Information Transfer Economics: Draft paper for a talk this summer

Thursday, January 7, 2016

Draft paper for a talk this summer

While I was on vacation (in Italy; Rome, Florence and Venice), I was invited (informally via email by the conference organizer, official word will come soon at which point I'll give more details) to present a paper about the information equilibrium approach this summer. Anyway, this post is going to be one of those draft paper posts that will be edited without notice.

Update: the abstract was accepted for an oral presentation. The talk will be at the 7th BioPhysical Economics meeting in DC in June 2016.

...

Update: SLIDES!!! Allotted time is looking like 15 minutes + 5 for questions. So I might have to trim a bit.

...

Update: Unfortunately I had to drop out of the conference due to other obligations (i.e. my real day job).

...
Maximum entropy and information theory approaches to economics

Abstract

[Note: this has already be submitted to the conference organizers.]

In the natural sciences, complex non-linear systems composed of large numbers of smaller subunits, provide an opportunity to apply the tools of statistical mechanics and information theory. The principle of maximum entropy can usually provide shortcuts in the treatment of these complex systems. However, there is an impasse to straightforward application to social and economic systems: the lack of well-defined constraints for Lagrange multipliers. This is typically treated in economics by introducing marginal utility as a Lagrange multiplier.

Jumping off from economist Gary Becker's 1962 paper "Irrational Behavior and Economic Theory" [1] -- a maximum entropy argument in disguise -- we introduce physicists Peter Fielitz and Guenter Borchardt's concept of "information equilibrium" presented in arXiv:0905.0610v4 [physics.gen-ph] as a means of applying maximum entropy methods even in cases where well-defined constraints such as energy conservation required to define Lagrange multipliers and partition functions do not exist (i.e. economics).
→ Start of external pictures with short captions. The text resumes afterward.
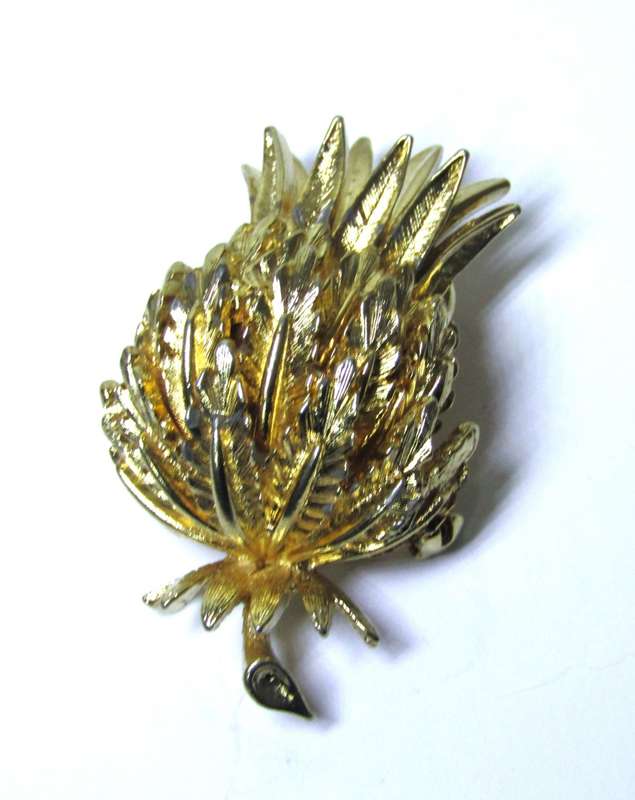 Vintage Gold Tone Scottish Thistle Brooch, signed Lisner c1950/60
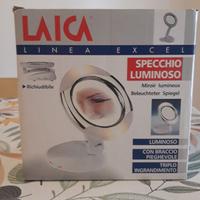 Specchio luminoso Laica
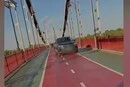 Затримано водія, який їздив пішохідним мостом у Києві: як він пояснив свої дії поліції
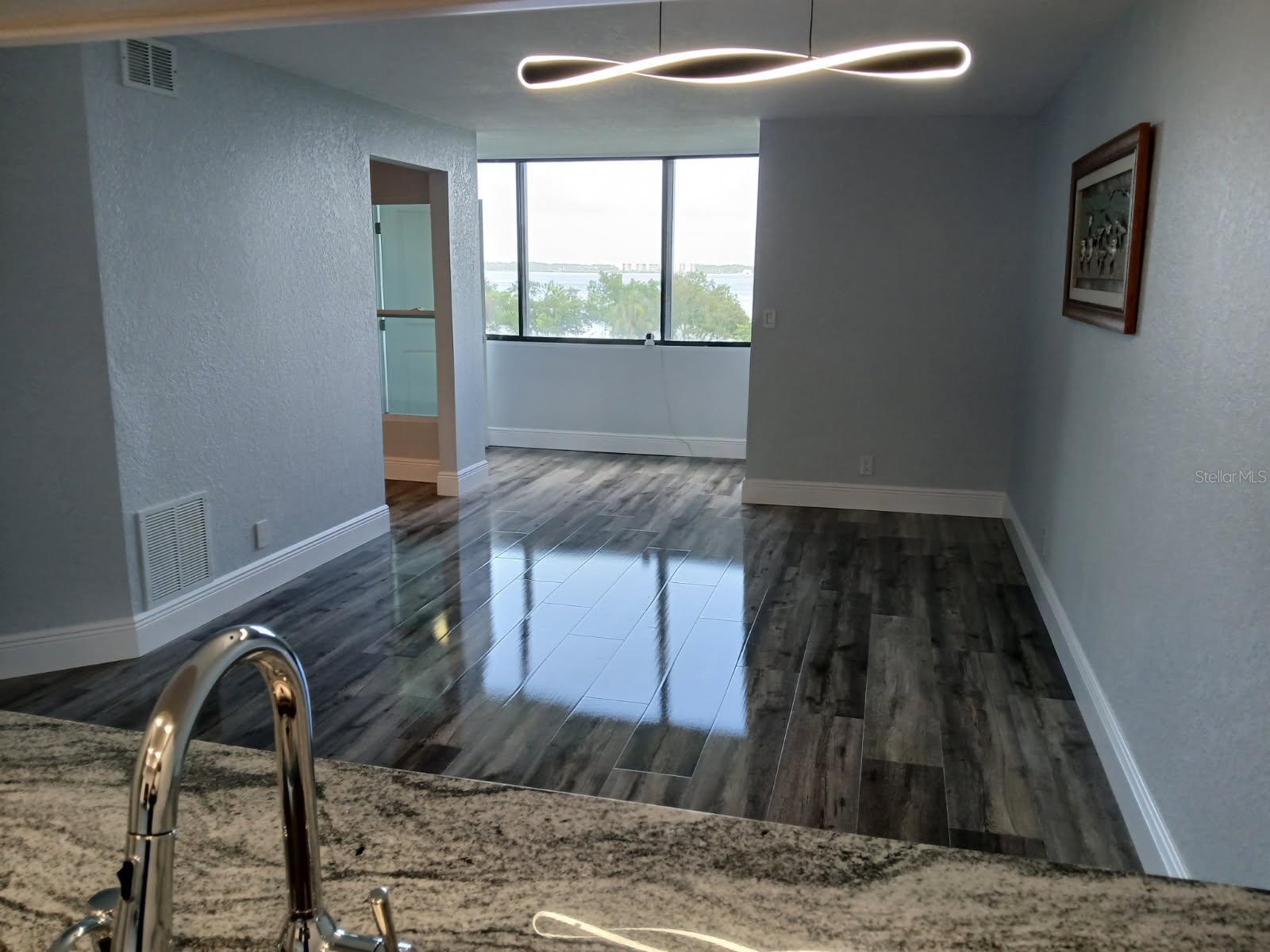 TB8402726 Property Photo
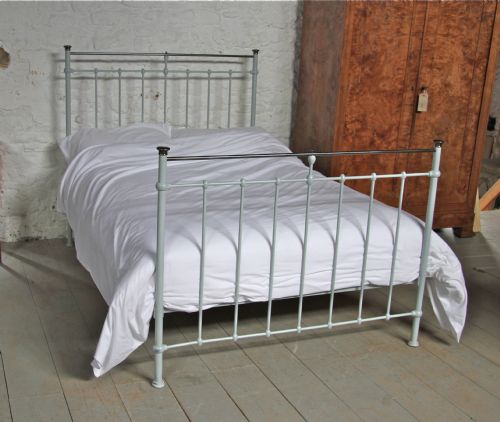 Elegant Simple Classic  Edwardian Iron and Brass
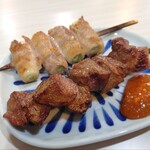 食事処 久松 - ハツ串、ネギ肉巻き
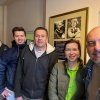 Pod portréty manželů Źabińských v jejich varšavském domě. Zleva Zdeněk Denk (Zoo Praha), Jakub Krzemiński (Fundacja Panda), Vít Šubrt (Zoo Praha), Uljana Kalazny (Zoo Lodž) a Miroslav Bobek (Zoo Praha).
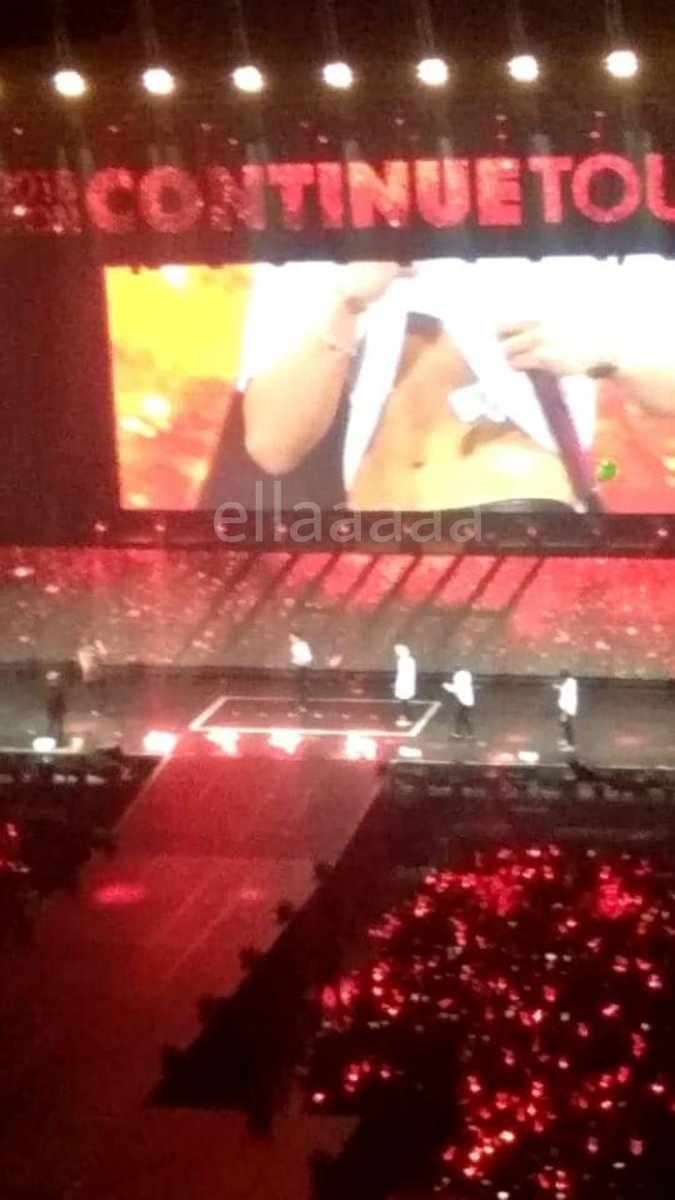 solitebee's tweet photo. June's abs 🙈😭💓
I miss my ot7 😭
#iKONinManila #ContinuetourInManila
#Hanbin #June #Bobby #Jinhwan #Chanu #Donghyuk #Yunhyeong #iKON https://t.co/w3VWO4eQUS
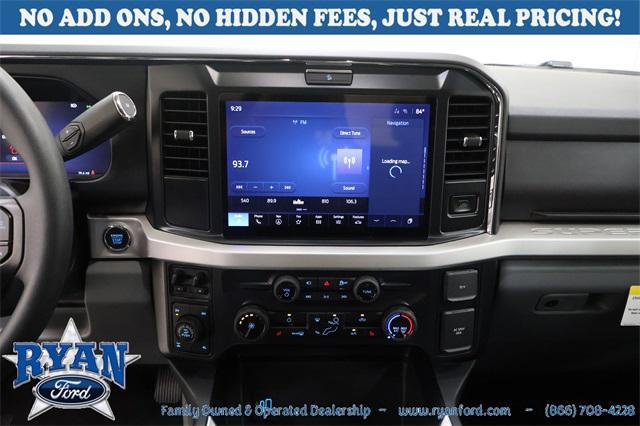 Photo of 2025 Oxford White Ford F-250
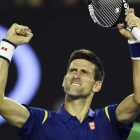 El tenista serbio no oculta su alegría tras derrotar a Federer para pasar a la final.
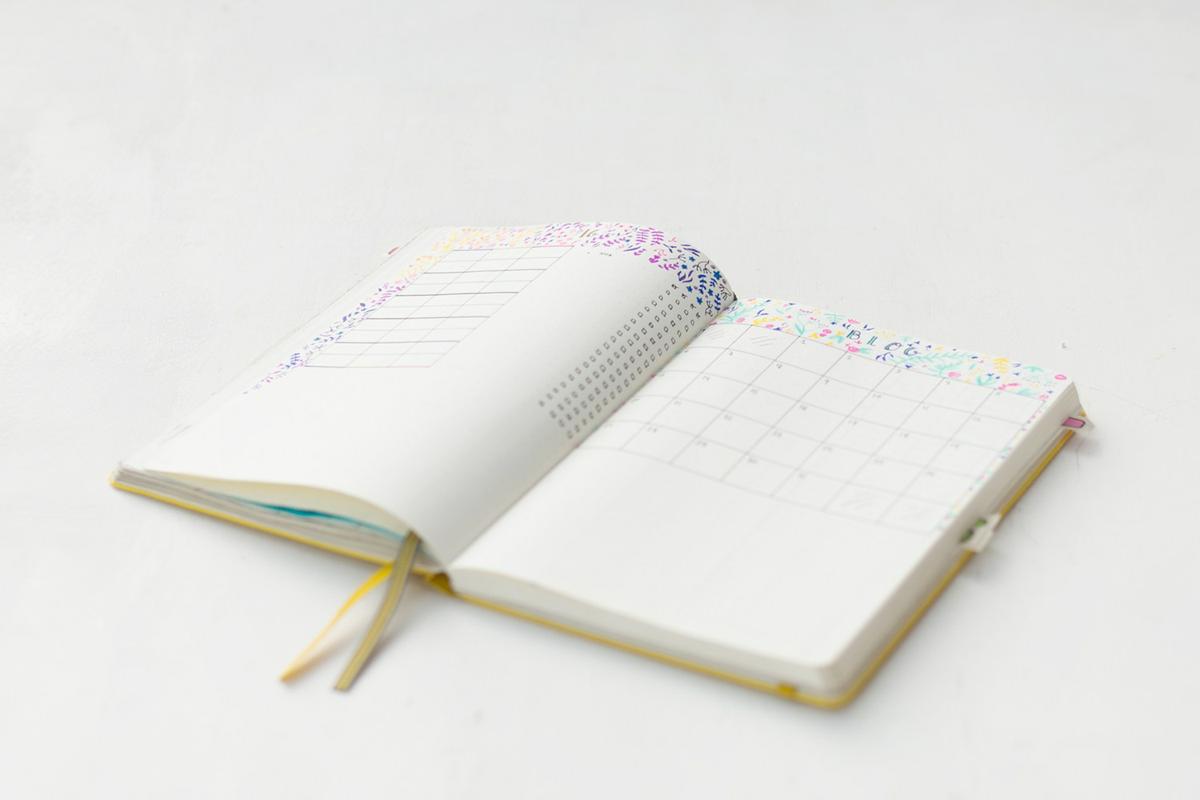 Organización del mes en el Bullet Journal, visto en "I am a Mess Blog"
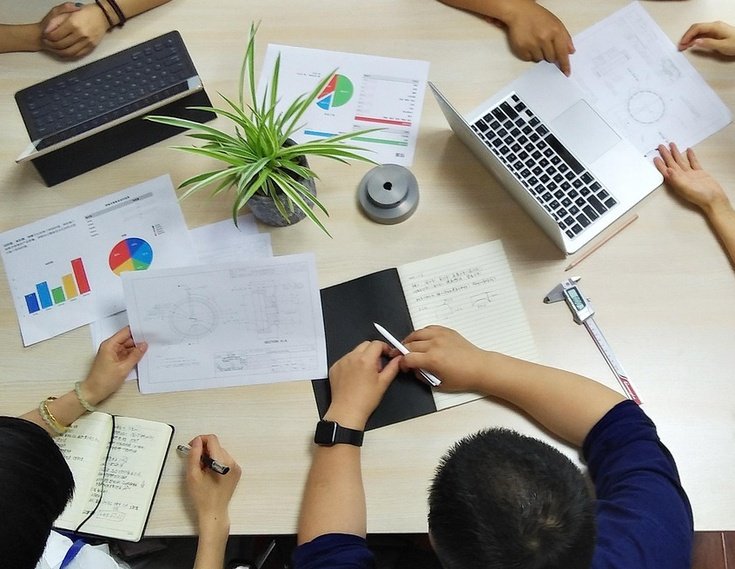 klas lu desk 5020801 1280 cropped processed by imagy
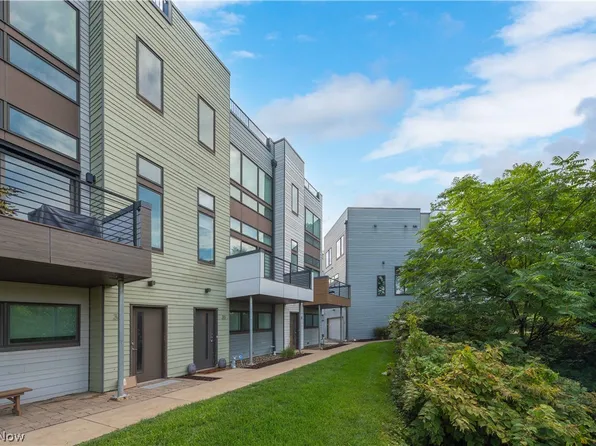 18875 Riversouth Ter Unit 35, Fairview Park, OH 44126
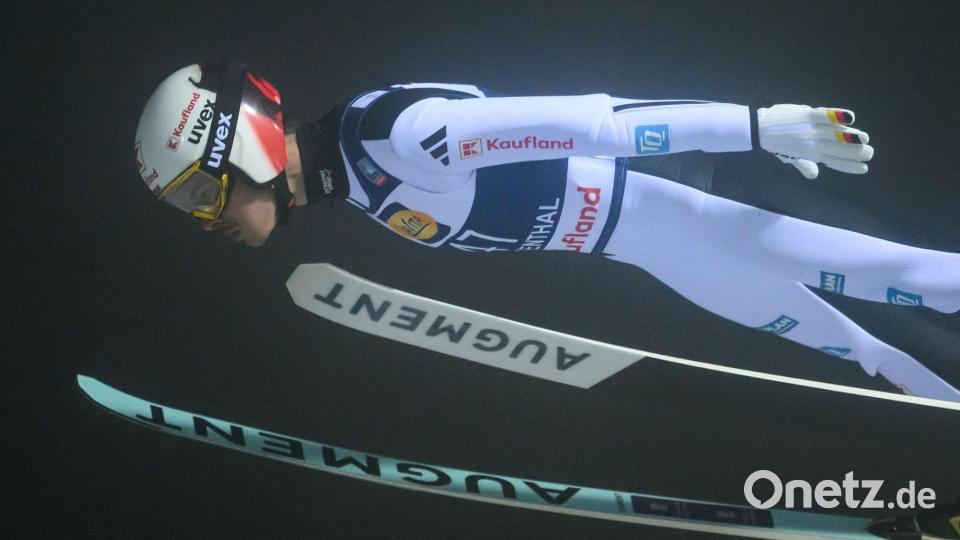 Fliegt aufs Podest: Philipp Raimund. Bild: Hendrik Schmidt/dpa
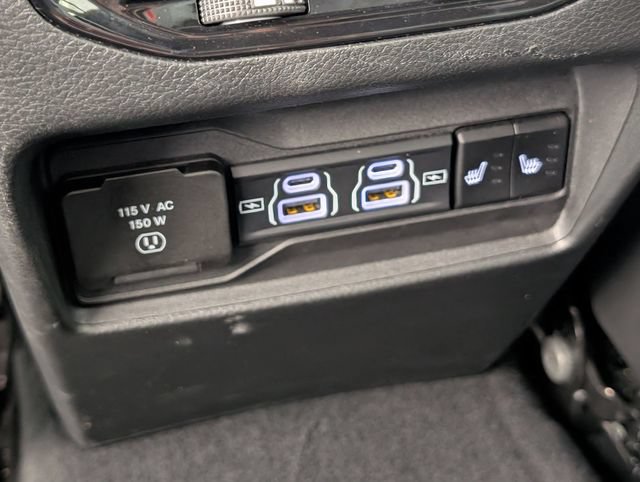 Used 2025 Jeep Grand Cherokee Limited AWD/4WD image 23
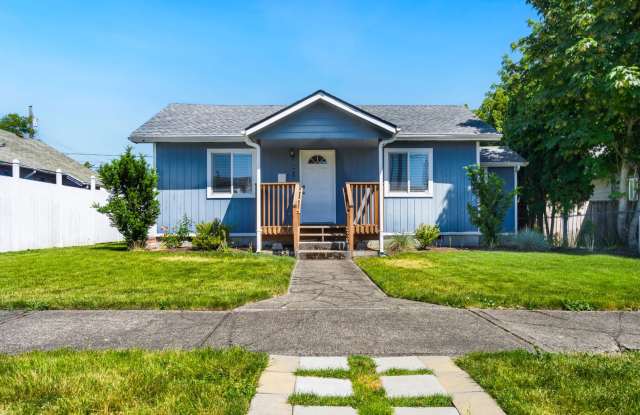 Charming & Centrally Located 3-Bedroom Home | Tacoma, WA photos photos Charming & Centrally Located 3-Bedroom Home | Tacoma, WA photos photos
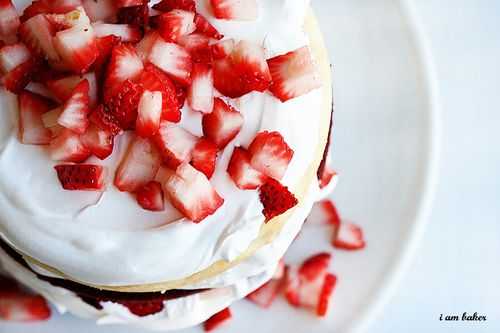红色天鹅绒草莓脆饼#shortcake #cake #strawberry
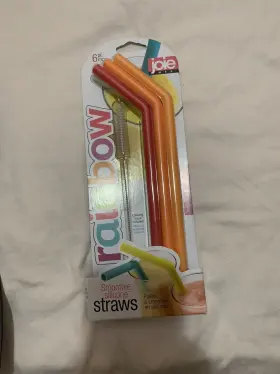 Msc International 067742993700 Joie 6 Pc Silicone Straws With Cleaning Brush Re-useable New Rainbow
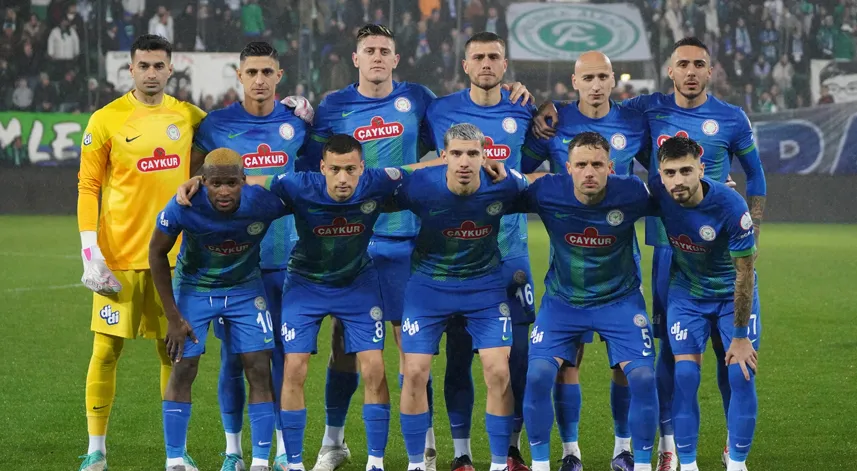 Çaykur Rizespor-Beşiktaş: 0-2 (İlk Yarı)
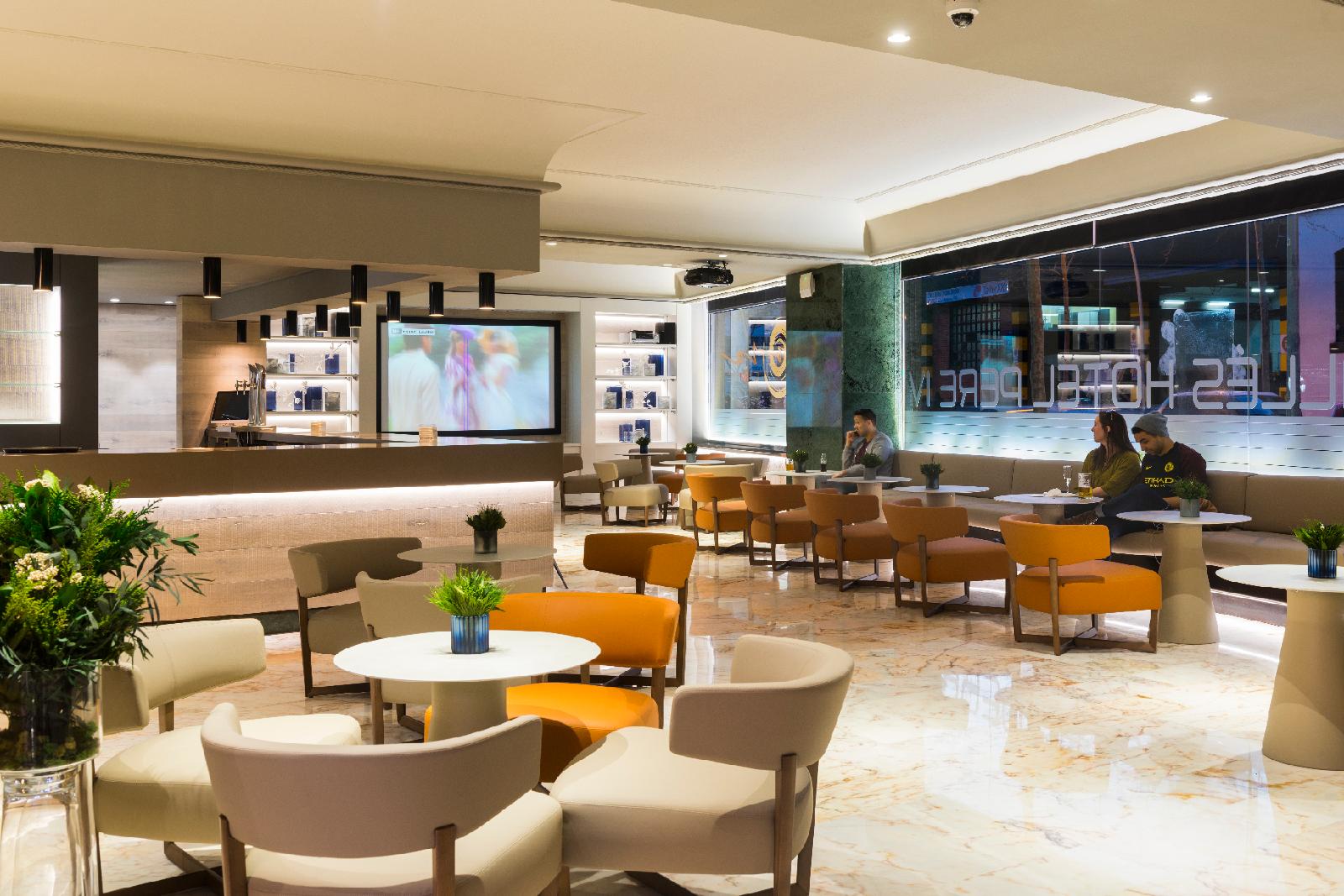 Salles Hotel Pere IV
We show how supply and demand emerge as entropic forces maintaining information equilibrium and conditions where they fail to maintain it. This represents a step toward physicist Lee Smolin's call for a "statistical economics" analogous to statistical mechanics in arXiv:0902.4274 [q-fin.GN]. We discuss applications to the macroeconomic models presented in arXiv:1510.02435 [q-fin.EC] and non-equilibrium economics.

Introduction

In 1962, University of Chicago economist Gary Becker published a paper titled "Irrational Behavior and Economic Theory". Becker's purpose was to immunize economics against attacks on the idealized rationality typically assumed in models. After briefly sparking a debate between Becker and Israel Kirzner (that seemed to end abruptly), the paper became largely forgotten.

Becker's main argument was that ideal rationality was not as critical to microeconomic theory because random agents can be used to reproduce some important theorems. Consider the opportunity set (state space) given a budget constraint for two goods. An agent may select any point inside the budget constraint. In order to find which point the agents select, economists typically introduce a utility function for the agents (one good may produce more utility than the other) and then solves for the maximum utility on the opportunity set. As the price changes for one good (meaning more or less of that good can be bought given the same budget constraint), the utility maximizing point on the opportunity set moves. The effect of these price changes selects a different point on the opportunity set, tracing out a demand curve.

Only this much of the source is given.